• **TRY IT**:
Within the listing below, please copy exactly the lines between the line holding "PRADA（プラダ）PRADA (プラダ) カナパ" and the line holding "Tabouret Perla, Bleu", inclusive.

• **MATERIAL FOR THIS TASK**:
%%

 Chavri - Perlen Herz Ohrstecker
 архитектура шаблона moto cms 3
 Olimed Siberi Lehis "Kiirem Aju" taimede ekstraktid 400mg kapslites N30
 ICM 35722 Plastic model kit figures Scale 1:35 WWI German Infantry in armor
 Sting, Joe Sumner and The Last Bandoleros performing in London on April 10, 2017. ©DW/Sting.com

%%
%%

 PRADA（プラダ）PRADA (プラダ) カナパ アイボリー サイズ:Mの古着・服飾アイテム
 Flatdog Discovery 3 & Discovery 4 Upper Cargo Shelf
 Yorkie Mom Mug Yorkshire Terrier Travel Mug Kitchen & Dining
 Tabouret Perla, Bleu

%%

• **RESPONSE TO THIS EXERCISE**:
 PRADA（プラダ）PRADA (プラダ) カナパ アイボリー サイズ:Mの古着・服飾アイテム
 Flatdog Discovery 3 & Discovery 4 Upper Cargo Shelf
 Yorkie Mom Mug Yorkshire Terrier Travel Mug Kitchen & Dining
 Tabouret Perla, Bleu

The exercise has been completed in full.